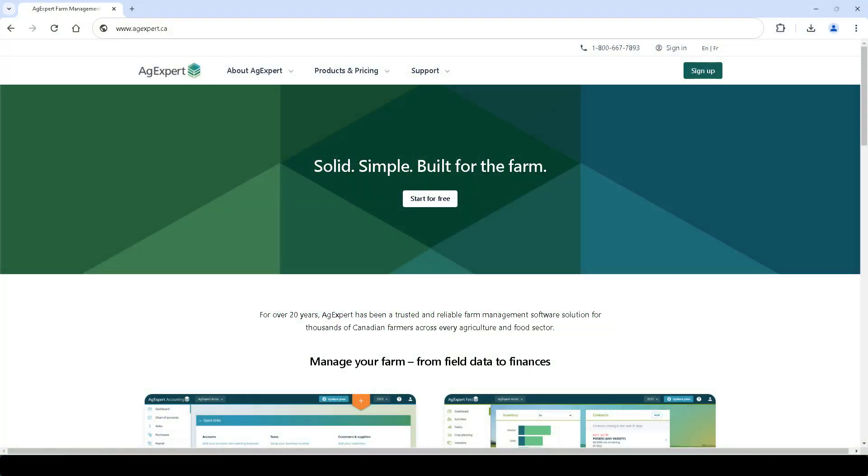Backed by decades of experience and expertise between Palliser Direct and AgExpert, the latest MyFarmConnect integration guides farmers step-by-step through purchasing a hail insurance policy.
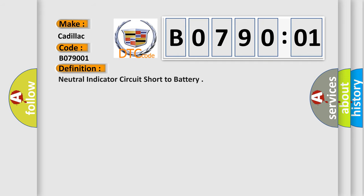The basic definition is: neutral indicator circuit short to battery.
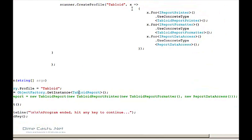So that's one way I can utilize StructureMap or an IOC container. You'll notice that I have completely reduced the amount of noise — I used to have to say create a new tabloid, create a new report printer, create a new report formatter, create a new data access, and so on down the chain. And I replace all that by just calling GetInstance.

========================================================================

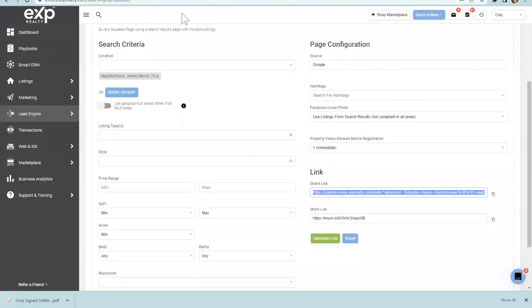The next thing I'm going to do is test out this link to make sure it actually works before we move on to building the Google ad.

========================================================================

▶ **YOUR GOAL**:
Reproduce the data above exactly, but only from the line containing "Backed by decades" through the line containing "So that's one". Omit all pictures.

▶ **RESULT**:
Backed by decades of experience and expertise between Palliser Direct and AgExpert, the latest MyFarmConnect integration guides farmers step-by-step through purchasing a hail insurance policy.
The basic definition is: neutral indicator circuit short to battery.
So that's one way I can utilize StructureMap or an IOC container. You'll notice that I have completely reduced the amount of noise — I used to have to say create a new tabloid, create a new report printer, create a new report formatter, create a new data access, and so on down the chain. And I replace all that by just calling GetInstance.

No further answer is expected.